This post was originally published on the Patreon page on November 5th, 2020. https://www.patreon.com/posts/43569940 If you like the content I publish on this blog, I appreciate your support to cover hosting costs etc. Even small contributions are greatly appreciated.
- How all common asset classes had weak performance at the same time in March 2020 due to the Coronavirus crisis.
- That the only asset class actually performing well in that time was VIX ETFs
- What the VIX is and how you can use it as an insurance policy in your portfolio to protect against volatility, uncertainty and black swans,
- How including only 3% of a VIX ETF in a risk balanced portfolio increased return, lowered volatility and increased the Sharpe ratio of an example All Seasons Portfolio.
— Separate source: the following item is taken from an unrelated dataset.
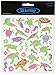Multicolored Stickers, Sea Turtles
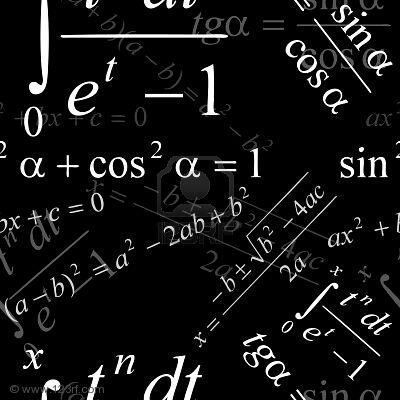O Poder Da Matemática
This is shown with an extensive case study through first half of 2020 and the 30 month period leading up to 30 June 2020.
- All raw data on which the analysis, graphs and tables in this article is based on, are exclusively found in the Patreon version of this post. Support the blog to get access.
All assets under-performed in late March.
Do you still remember how different asset classes performed amidst the most urgent phases of the coronavirus crisis? Or have you intentionally suppressed those bad memories and only chosen to remember the recovery in assets such as stocks?
As a reminder, there was period from about March 10th to March 20th when every major asset class declined in valuer, regardless if they were biased to perform well in increasing or decreasing economic growth environments. Stocks and commodities had already fallen by then, but by March 10th, also gold, treasury bonds and inflation-linked bonds fell as well. Nothing managed to offset the declines in growth assets, and any balanced portfolio suffered.
While a risk parity strategy, such as the All Seasons Portfolio strategy, performed much better than the stock market or a 60/40 portfolio, the Covid-19 crisis caused a dent also in the All Seasons Portfolio. The All Seasons Portfolio even turned into negative territory on a YTD basis, even though it recovered rather quickly from that temporary dip.[3,500 more words]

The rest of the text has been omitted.